> TASK TO COMPLETE
Where the line containing "329 р. Фильтр" appears, begin retyping; continue exactly through the final line of the data. Omit every picture.

%%

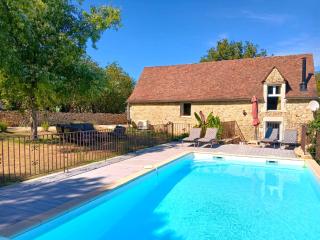 Gîte de la Peyre et du Causse - Florimont-Gaumiers - 0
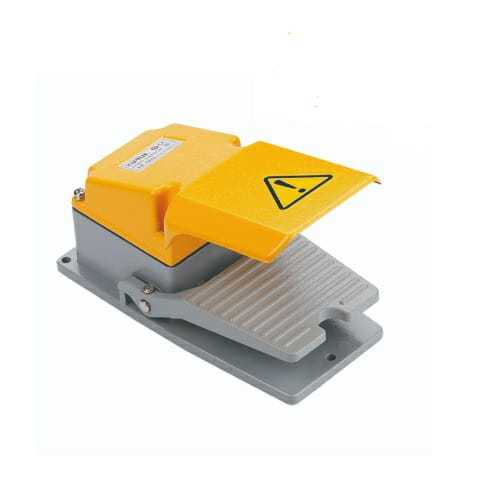 SFMP-1 Foot switch 1no-1nc (Matel)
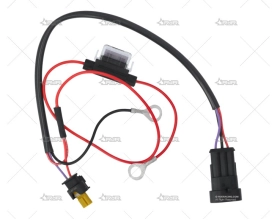 CABLE IBS 12V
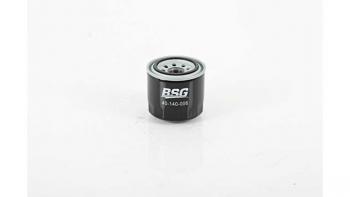 329 р. Фильтр масляный HYUNDAI Ionig,Accentera,Accent,Elantra,Getz KIA Ceed,Cerato,Rio (95-) BSG BSG bsg40140006  с доставкой в г. Майкоп. Увеличить фотографию 1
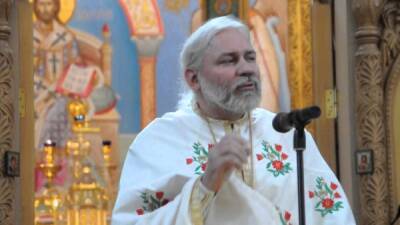 Суд приговорил многодетного священника Стремского к 21 году за насилие над детьми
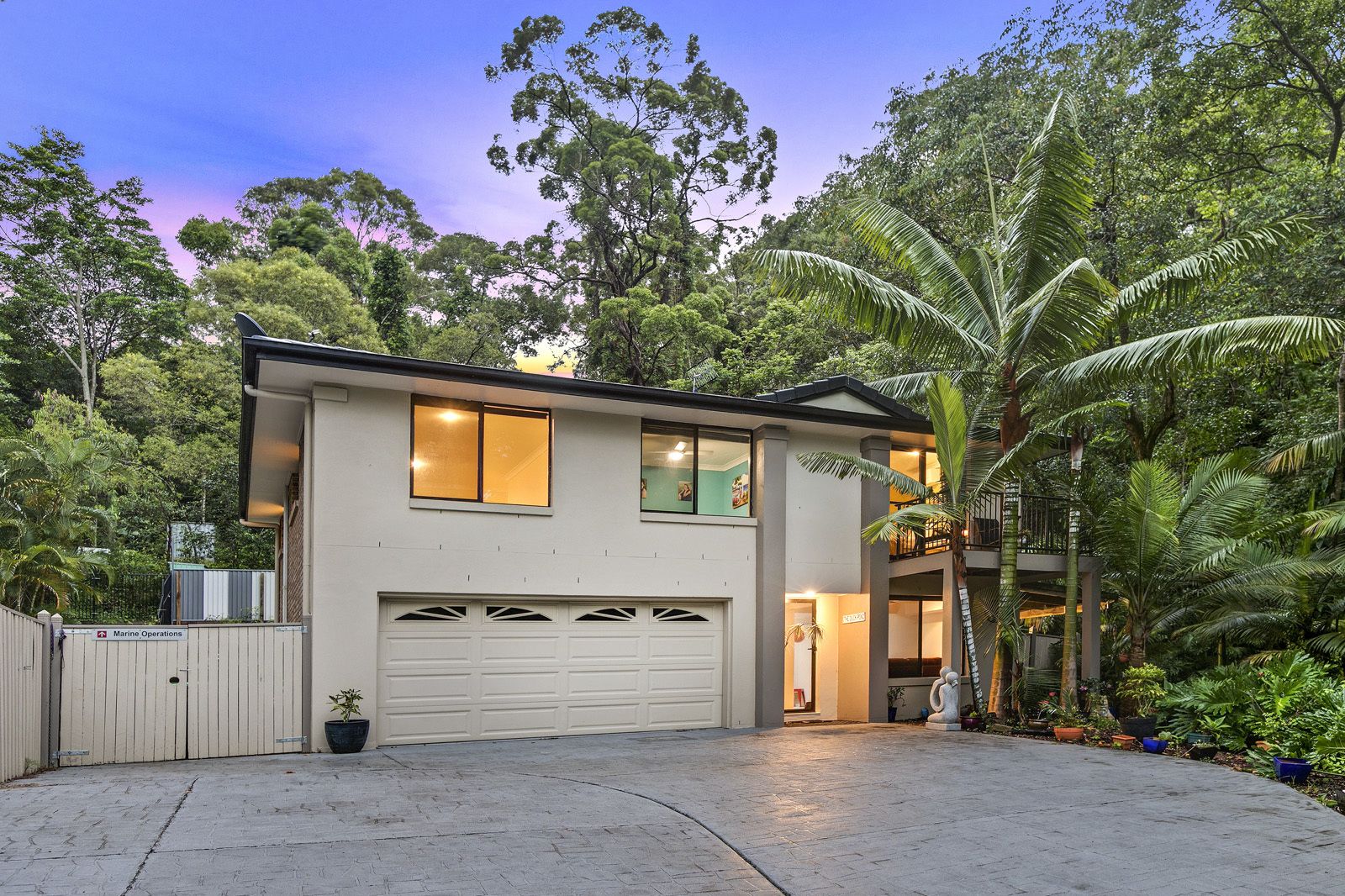 4 Tommys Court, Buderim Property History & Address Research Domain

%%

> PROBLEM SOLUTION
 329 р. Фильтр масляный HYUNDAI Ionig,Accentera,Accent,Elantra,Getz KIA Ceed,Cerato,Rio (95-) BSG BSG bsg40140006  с доставкой в г. Майкоп. Увеличить фотографию 1
 Суд приговорил многодетного священника Стремского к 21 году за насилие над детьми
 4 Tommys Court, Buderim Property History & Address Research Domain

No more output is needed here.